Domagoso, who considers himself a “real Manileño,” is also serving notice to those who failed to live up to their promise to save Manila from squalor.
“We have given them enough time to fix this city,” he says, referring to his rivals, incumbent Mayor Joseph “Erap” Estrada and former Mayor Alfredo Lim.
“It’s undeniable how the capital of the country has deteriorated: economically, physically… [Whatever] Manila is now is the result of their nonperformance, nongovernance and passive leadership,” Domagoso tells the Inquirer.
He himself has served the city for nearly 20 years, however: first as a councilor for three terms starting in 1998 and then as vice mayor to Lim in 2007. He shifted alliances and became Estrada’s vice mayor in 2010 and 2013. In 2016, he made an unsuccessful bid for the Senate.
For the 44-year-old politician, his previous political stints can be considered merely “playing Robin to whoever Batman was at the time.”
“I think it’s time. I’ve waited, prepared myself, especially academically, since I did not have the opportunity to attend regular school at a regular age,” says Domagoso who has taken executive courses at the University of the Philippines, Harvard University and Oxford University.

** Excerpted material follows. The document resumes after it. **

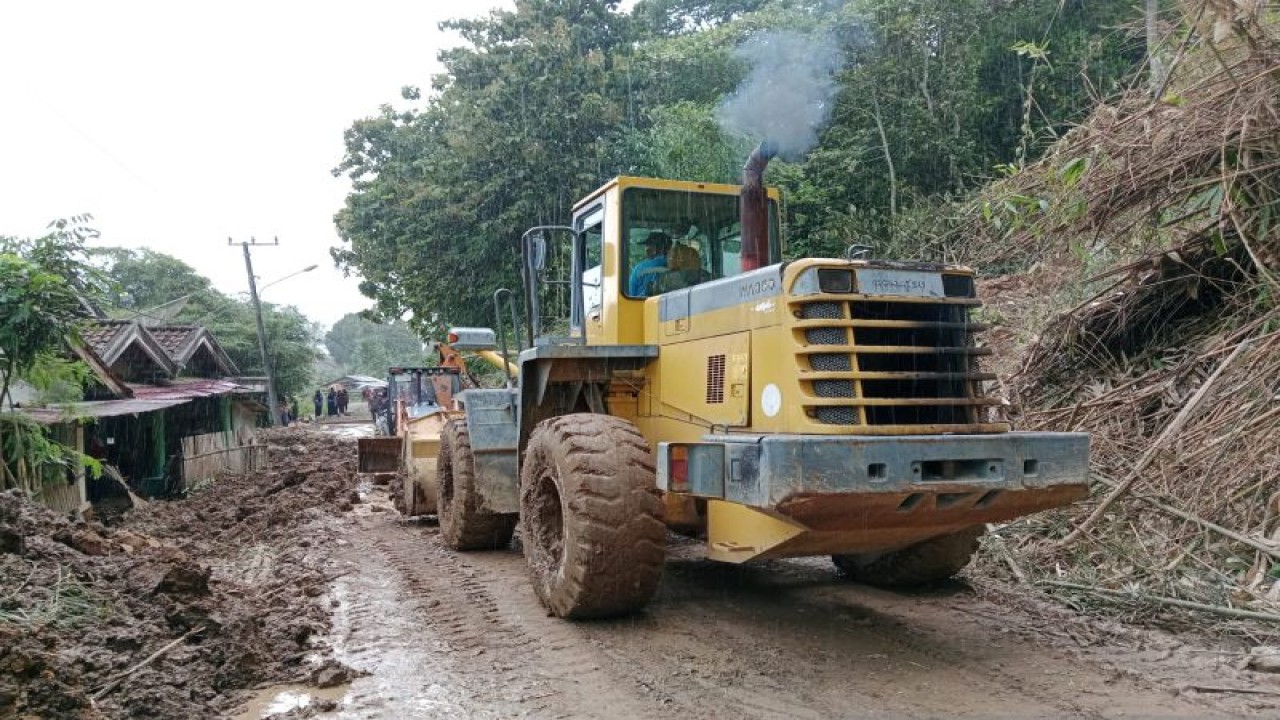 Personel BPBD OKU membersihkan material tanah longsor yang menutupi jalan di Kecamatan Ulu Ogan, Sabtu. (ANTARA/Edo Purmana/23)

“That’s probably why I received so much hate then. But I’m prepared now,” he added.
To prove this, he lays out a roadmap for what he will do should he win not just one but three terms as Manila mayor.

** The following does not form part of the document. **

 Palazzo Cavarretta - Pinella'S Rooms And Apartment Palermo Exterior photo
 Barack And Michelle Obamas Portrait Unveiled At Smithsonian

At the heart of that roadmap is a 10-year infrastructure plan intended to revitalize Manila’s “deteriorating” physical development.
Perhaps the most ambitious of those projects is the Manila Skydeck — an elevated walkway similar to the OCBC Skyway of Singapore’s Gardens by the Bay. To be built on Roxas Boulevard, it aims to revive tourism on the strip previously known as Baywalk.

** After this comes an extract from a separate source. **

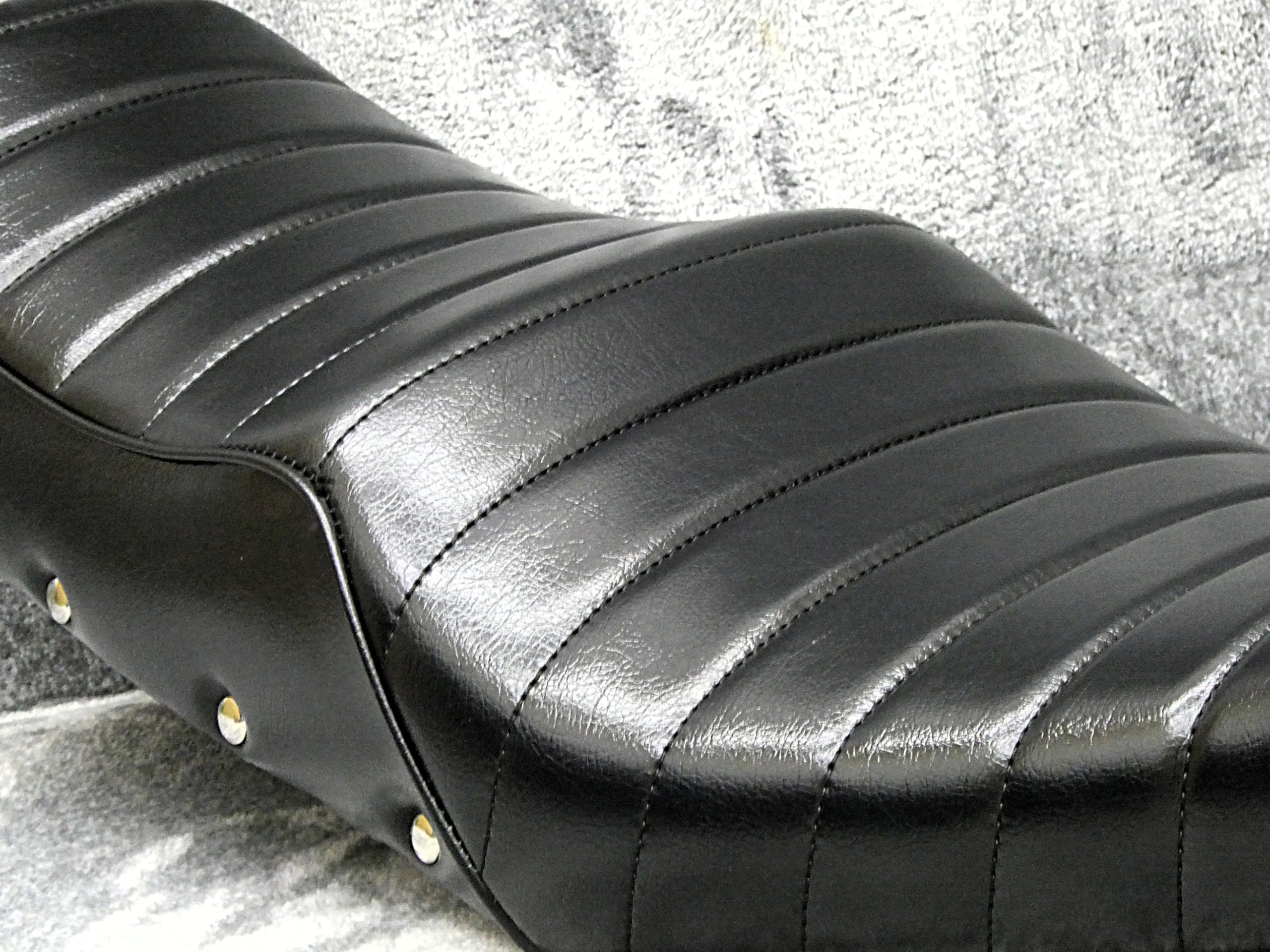 Amazon | W800 W650 W400 鋲打ち 黒皮 変形 タックロールシート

Another is the proposed City Walk — a massive urban concrete overpass over Ermita’s streets — for the exclusive use of pedestrians and bikers.
Domagoso also intends to build a new city hall at Liwasang Bonifacio to give city and court employees decent and spacious working spaces.
But more than being mere blueprints for grand edifices to halt Manila’s rot, his plan weaves itself into better social services for Manileños.
Domagoso dreams of “bringing Makati to Manila” or replicating the financial capital’s best practices in healthcare, housing and education.
For example, he wants to build in-city vertical housing units for informal settlers and to clean up Divisoria, Binondo and C.M. Recto by putting up commercial structures for street vendors.
Domagoso’s plans appear to be hinged on reclaiming spaces that have been lost to urban blight. “We need to make the city more habitable and hospitable. I’ll address first the needs of the people, [improve their] quality of life)” he says.
First things first
But for his plans to come to fruition, he must first win. While there are eight candidates for Manila’s mayorship, polls show him and Estrada as the leading contenders, with Lim a far third.
When it comes to the rigors of campaigning, Moreno’s youth gives him a clear advantage. He can be seen going door-to-door, courting voters.
But the slick politician, who likes to quote philosophers and historians in the lofty cadence of orators, remains largely underfunded. To compensate, he utilizes social media, often going on Facebook Live at his most pared-down, a la New York Rep. Alexandria Ocasio-Cortez.
If Domagoso wins, can residents count on Manila’s return to its former glory? “Do I have all the answers to these problems? No, I’m no Superman, but now they can have a 40-something-year-old leader,” he says. “It is safe to say I can still connect with the people.”